■ **DATA BLOCK**:
################

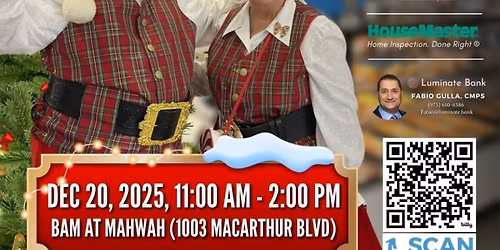 🎅✨ Brunch with Santa & Mrs. Claus…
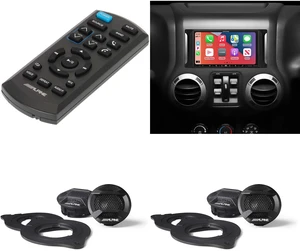 Alpine i407-WRA-JK 7in In-Dash Digital Receiver w/ (2 pair ) SPV-10TW-WRA & RUE-4360 Remote Bundle for 07-17 Wrangler Alpine i407-WRA-JK 7in In-Dash Digital Receiver w/ (2 pair ) SPV-10TW-WRA & RUE-4360 Remote Bundle for 07-17 Wrangler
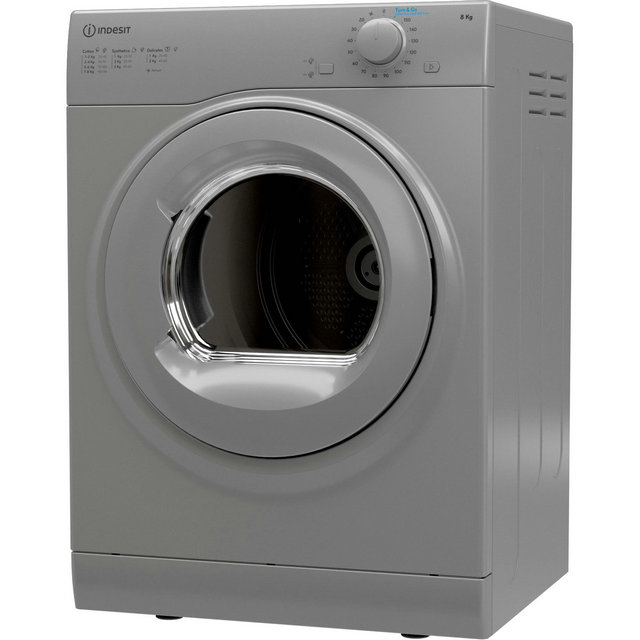 Indesit I1D80SUK 8kg Vented Tumble Dryer - Silver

################

■ **TASK TO COMPLETE**: Skip the pictures. Please copy exactly the lines from the one with "07-17 Wrangler Alpine" through the final line of the material above, both ends included.

■ **SOLUTION FOR THIS TASK**:
 Alpine i407-WRA-JK 7in In-Dash Digital Receiver w/ (2 pair ) SPV-10TW-WRA & RUE-4360 Remote Bundle for 07-17 Wrangler Alpine i407-WRA-JK 7in In-Dash Digital Receiver w/ (2 pair ) SPV-10TW-WRA & RUE-4360 Remote Bundle for 07-17 Wrangler
 Indesit I1D80SUK 8kg Vented Tumble Dryer - Silver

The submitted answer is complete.